Monday, July 21, 2008

Facebook and its impending redesign

So Facebook is redesigning the profile pages (check Techcrunch for more http://www.techcrunch.com/2008/07/21/the-friendfeedization-of-facebook/) of users as a way of enhancing the service.

According to Yahoo! News US, it's a "new look to reflect changes in how its members communicate with each other and how they share photos and updates about their lives."

Now, Valleywag is reporting that the new redesign has seen ads disappear from user profile pages - http://valleywag.com/5026723/where-did-the-facebook-ads-go

"Most of Facebook's inventory is junk. And Facebook's new design may help take out the trash. It's no surprise users don't click on ads on profile pages; there's too much else to do."

I wouldn't go that far, but I think over the past 2 months Facebook has definitely dropped its ad standards.
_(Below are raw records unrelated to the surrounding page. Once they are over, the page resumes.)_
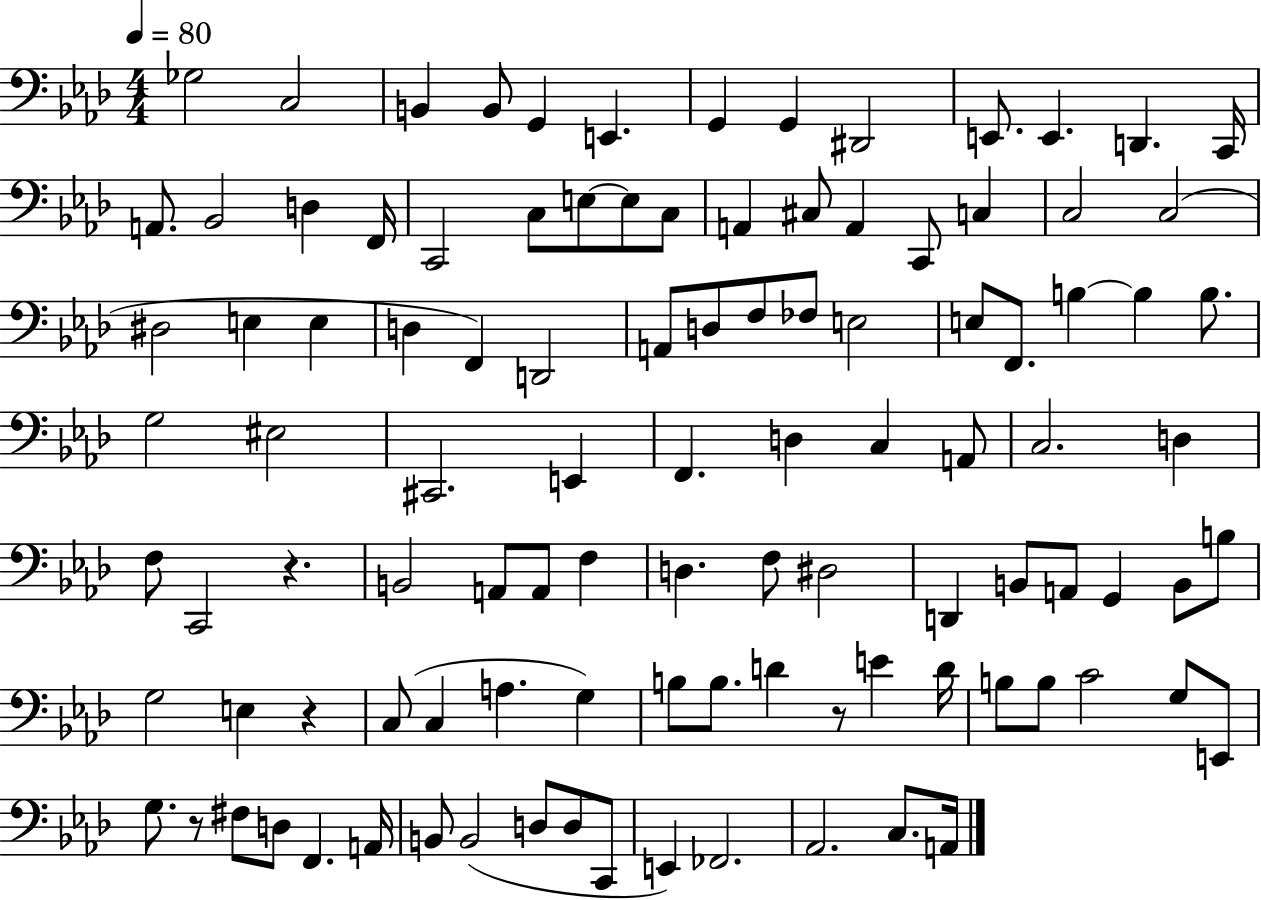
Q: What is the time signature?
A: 4/4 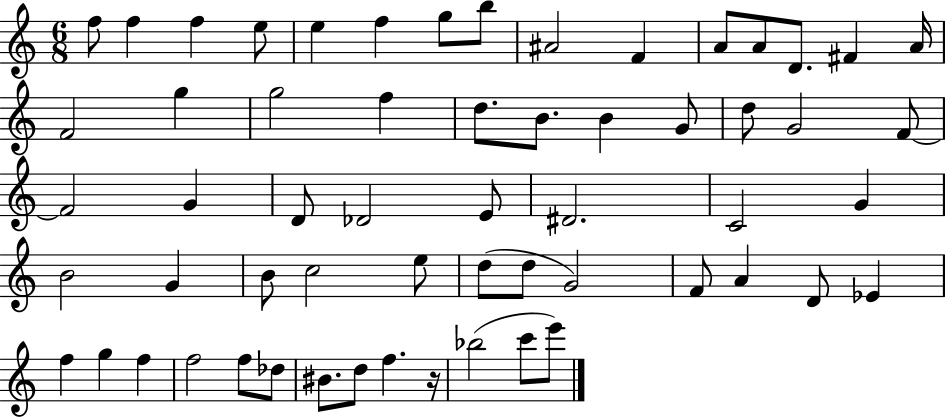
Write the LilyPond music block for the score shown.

{
  \clef treble
  \numericTimeSignature
  \time 6/8
  \key c \major
  f''8 f''4 f''4 e''8 | e''4 f''4 g''8 b''8 | ais'2 f'4 | a'8 a'8 d'8. fis'4 a'16 | \break f'2 g''4 | g''2 f''4 | d''8. b'8. b'4 g'8 | d''8 g'2 f'8~~ | \break f'2 g'4 | d'8 des'2 e'8 | dis'2. | c'2 g'4 | \break b'2 g'4 | b'8 c''2 e''8 | d''8( d''8 g'2) | f'8 a'4 d'8 ees'4 | \break f''4 g''4 f''4 | f''2 f''8 des''8 | bis'8. d''8 f''4. r16 | bes''2( c'''8 e'''8) | \break \bar "|."
} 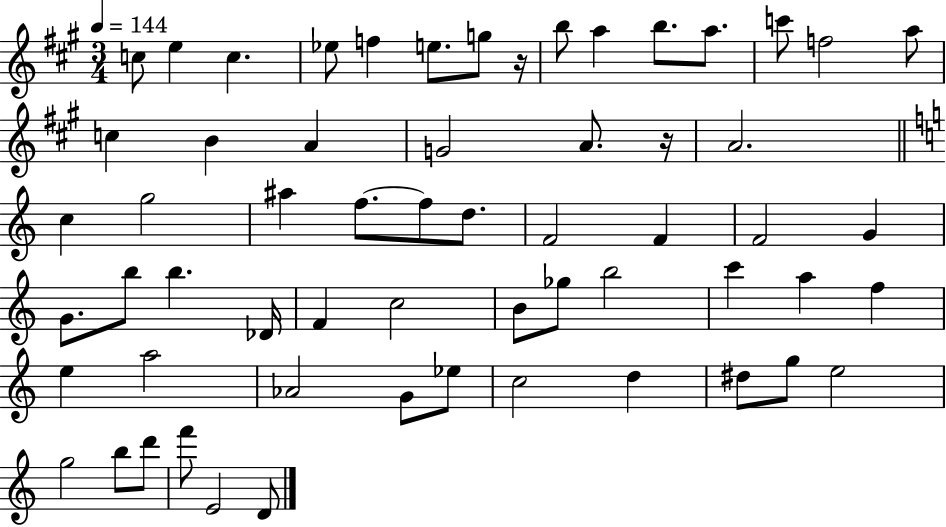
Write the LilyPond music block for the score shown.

{
  \clef treble
  \numericTimeSignature
  \time 3/4
  \key a \major
  \tempo 4 = 144
  \repeat volta 2 { c''8 e''4 c''4. | ees''8 f''4 e''8. g''8 r16 | b''8 a''4 b''8. a''8. | c'''8 f''2 a''8 | \break c''4 b'4 a'4 | g'2 a'8. r16 | a'2. | \bar "||" \break \key c \major c''4 g''2 | ais''4 f''8.~~ f''8 d''8. | f'2 f'4 | f'2 g'4 | \break g'8. b''8 b''4. des'16 | f'4 c''2 | b'8 ges''8 b''2 | c'''4 a''4 f''4 | \break e''4 a''2 | aes'2 g'8 ees''8 | c''2 d''4 | dis''8 g''8 e''2 | \break g''2 b''8 d'''8 | f'''8 e'2 d'8 | } \bar "|."
} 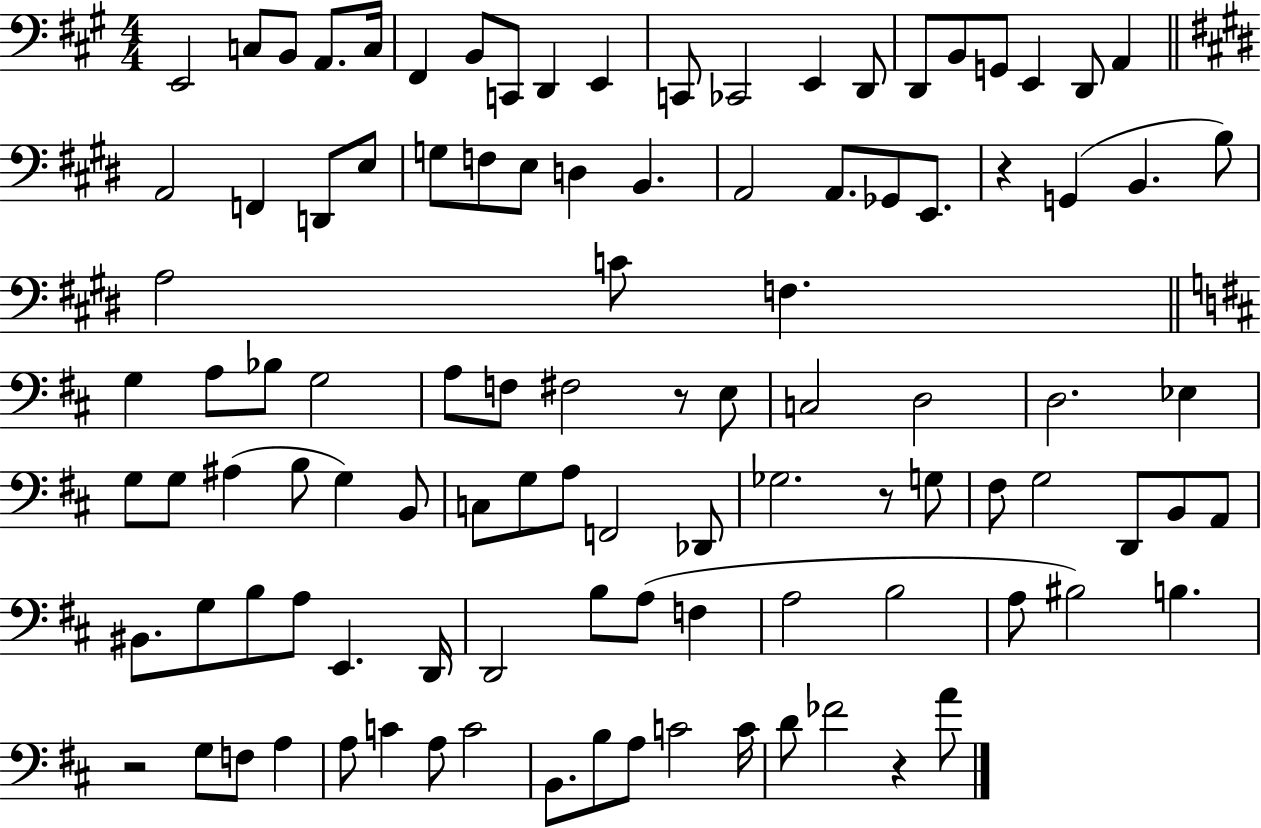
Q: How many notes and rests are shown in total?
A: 104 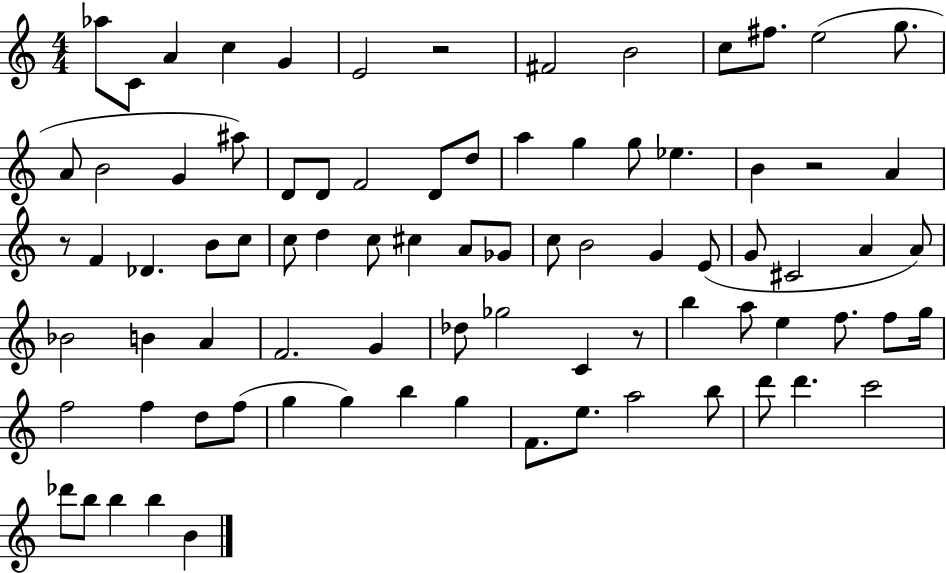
Ab5/e C4/e A4/q C5/q G4/q E4/h R/h F#4/h B4/h C5/e F#5/e. E5/h G5/e. A4/e B4/h G4/q A#5/e D4/e D4/e F4/h D4/e D5/e A5/q G5/q G5/e Eb5/q. B4/q R/h A4/q R/e F4/q Db4/q. B4/e C5/e C5/e D5/q C5/e C#5/q A4/e Gb4/e C5/e B4/h G4/q E4/e G4/e C#4/h A4/q A4/e Bb4/h B4/q A4/q F4/h. G4/q Db5/e Gb5/h C4/q R/e B5/q A5/e E5/q F5/e. F5/e G5/s F5/h F5/q D5/e F5/e G5/q G5/q B5/q G5/q F4/e. E5/e. A5/h B5/e D6/e D6/q. C6/h Db6/e B5/e B5/q B5/q B4/q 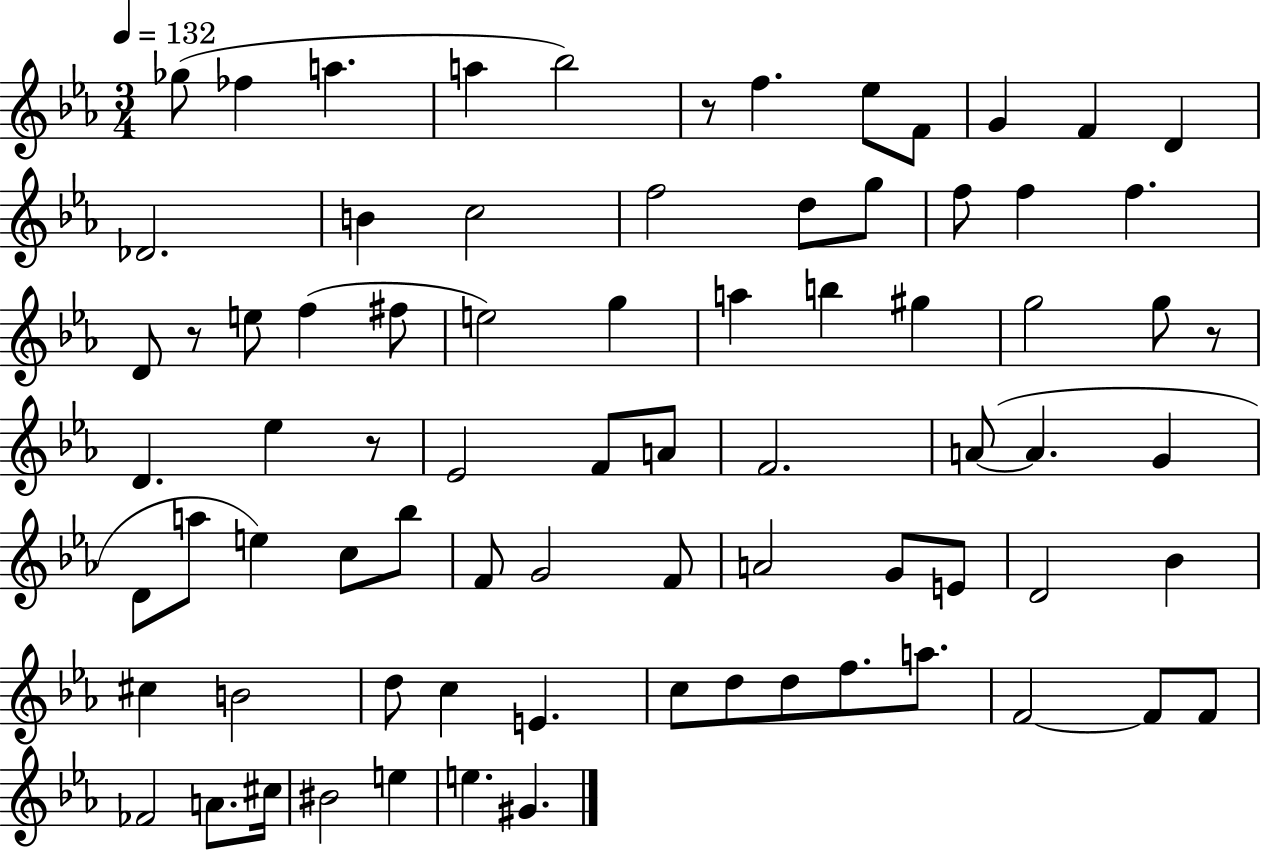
{
  \clef treble
  \numericTimeSignature
  \time 3/4
  \key ees \major
  \tempo 4 = 132
  ges''8( fes''4 a''4. | a''4 bes''2) | r8 f''4. ees''8 f'8 | g'4 f'4 d'4 | \break des'2. | b'4 c''2 | f''2 d''8 g''8 | f''8 f''4 f''4. | \break d'8 r8 e''8 f''4( fis''8 | e''2) g''4 | a''4 b''4 gis''4 | g''2 g''8 r8 | \break d'4. ees''4 r8 | ees'2 f'8 a'8 | f'2. | a'8~(~ a'4. g'4 | \break d'8 a''8 e''4) c''8 bes''8 | f'8 g'2 f'8 | a'2 g'8 e'8 | d'2 bes'4 | \break cis''4 b'2 | d''8 c''4 e'4. | c''8 d''8 d''8 f''8. a''8. | f'2~~ f'8 f'8 | \break fes'2 a'8. cis''16 | bis'2 e''4 | e''4. gis'4. | \bar "|."
}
I am a fan of Facebook and its potential - engaged audience, large audience, strong targeting potential (I must stress that word, potential), the platform itself and the functionality. I have used it for campaigns, it generally works.

However I have a few gripes as well.

1. Ninemsn can only sell display inventory. You can't run expanding creative. Ninemsn cannot sell 'social ads'. Ninemsn should have access to all inventory on the site - I can't see the benefit of the current approach.

2. The text based with small image ads that run in place of the skyscraper sometimes are incredibly annoying. There is no quality control and 9 times out of 10 they are not at all relevant to me and I'd imagine most users. If I'm not getting ads for hip hop jackets, it's ads for singles services (despite checking In A Relationship on my profile), gay matchmaker companies or market research companies seeking 'Males aged 30-39 for awesome products'.

3. It is difficult to buy anything integrated on the network. A few AU repping houses claim to have access to FB ads, Facebook sort of have a US guy looking after the market but it's not ideal considering their audience size.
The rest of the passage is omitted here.